There are a number of options. The most common is for the employer to prepare an outline design with a set of requirements or design criteria and put it out for pricing. The tenderers will give one price, say, with an elemental breakdown, which will be the maximum price that is guaranteed. The design team will then be novated to the successful contractor to develop the design.

The contract will provide that the design must be developed and built for the lump-sum price.

If this is exceeded, the contractor’s entitlement to payment will still be capped at the level of the guaranteed price. If it manages to complete its work for less than the GMP, the contract will provide who takes this benefit. This may be the contractor; it may be shared between the employer and contractor, and sometimes also with the design team. The most common form of GMP allows the contractor to keep the savings.

The pros and cons of GMP

The benefit for the employer is certainty, and it also provides an opportunity for the contractor to achieve a reasonable recompense for controlling the design process with a view to achieving savings where possible. The traditional concepts of variations and valuations based on measurement do not have a place in these contracts. Payment is usually on the achievement of milestones. If the attractions to both parties are obvious, the disadvantages are less so.

For the employer, how can the outline design exclude or limit the possibility of variations or extras? The level to which the outline design is taken by the employer varies from contract to contract. If it is at a very basic level, then the employer may be faced with arguments later that certain necessary parts of the work are outside the original scope of the works – and so justify additional payment. If the employer’s design is detailed, the same arguments may still arise – that works that have not been specified have not been included.

Disputes as to the scope of works have, in my experience, unsurprisingly, been the biggest bone of contention in the GMP contract. Those drawing up the original specification or design criteria must be careful to tread a path between having design parameters tightly drawn and the work required to achieve them left as general as possible, to allow for “fair” risk transfer to the contractor.

  • The price in a GMP contract should be flexible, depending on events
  • It is crucially affected by the specificity of the outline design
  • GMP works well with partnering

  • It should always be understood that a GMP will never be all-inclusive. It must be capable of adjustment to reflect extra works. If not, these extra works may set up a separate entitlement to payment.

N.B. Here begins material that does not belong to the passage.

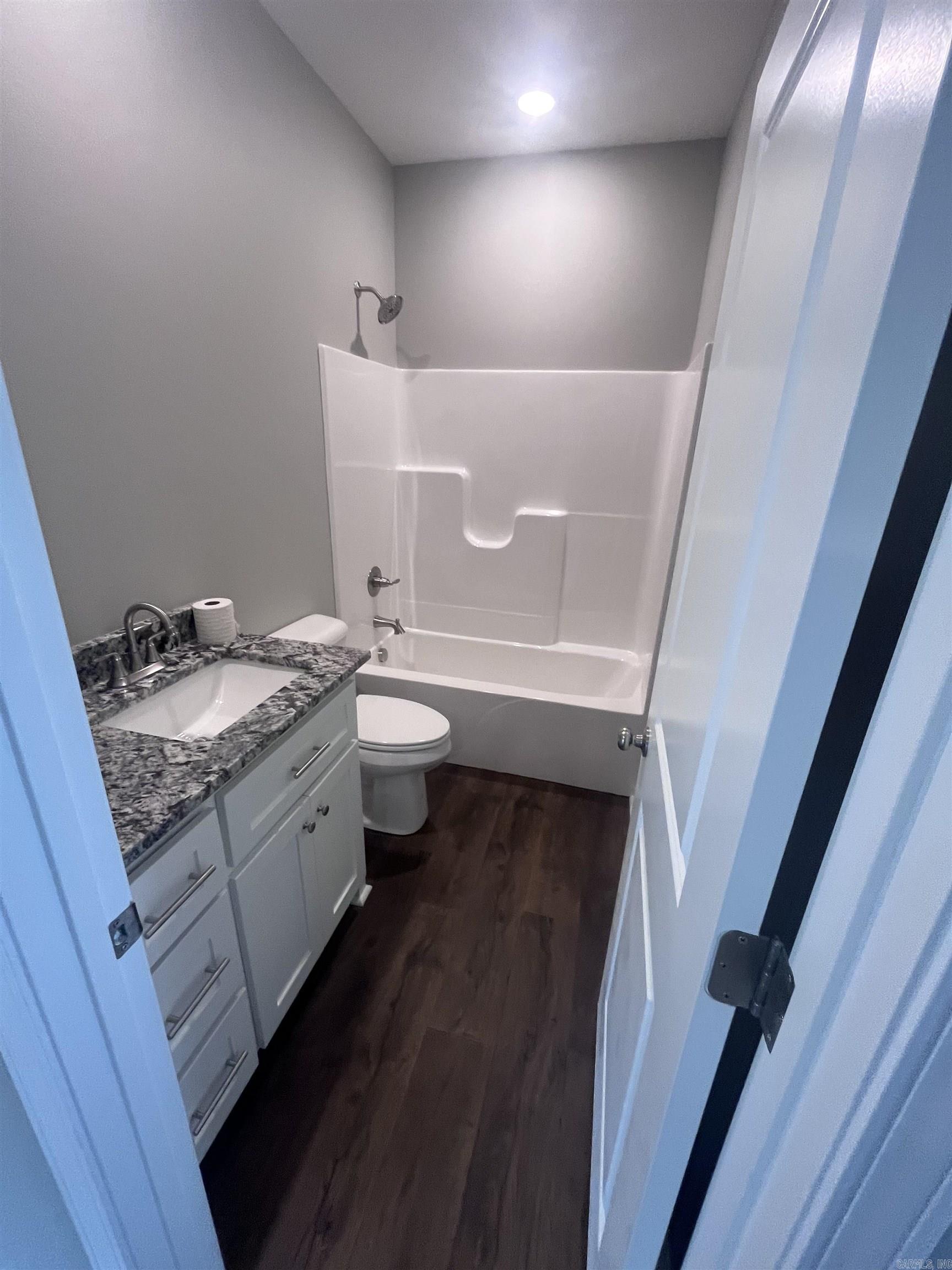 508 SW Fourth  Bryant, AR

    These contracts contain detailed notification procedures to enable prior notification and valuation of an “extra”. It is often at this stage that value engineering occurs. What can be saved elsewhere to accommodate the price of this extra within the contract? Prior notification and agreement is essential to make this work.

    An issue that arises in drafting the GMP contract is whether there should be provision to adjust the GMP downwards. To take an extreme example, what if air-conditioning is ultimately omitted from a large number of areas where previously it had been specified? This is not a saving within the same broad scope of works. The scope of works has been altered. Common sense would suggest if the GMP can be adjusted upwards, it should also be capable of adjustment downwards. The tension between savings and omissions is obvious from the above example.

    The GMP does not include the consequences of delays and additional cost sustained by the contractor as a result of breach of contract (whether these are covered by contract clauses or lie as normal remedies outside the contract).

    Should the GMP contract provide for adjustment of the GMP to allow for such “loss and expense” claims? Failure to so provide does not exclude such an entitlement. It does, however, leave the contractor to set up such a claim as damages for breach of contract. Successfully capping or restricting this entitlement through the contract is almost impossible.

    What about subcontractors?

    “Stepping down” a GMP into separate subcontracts is difficult. The principle is only achievable where the subcontractor has taken on detailed design responsibility, for example for mechanical and electrical works. In carving up the main contract specification into packages, great care must be taken that nothing falls between the packages, leaving the subcontractor with a valid claim for extras or variations but the contractor with nowhere to turn.

    These are all only pointers to where problems may lie. The reality is, with continued co-operation among the parties and the prospect of ongoing work, anything is possible and achievable.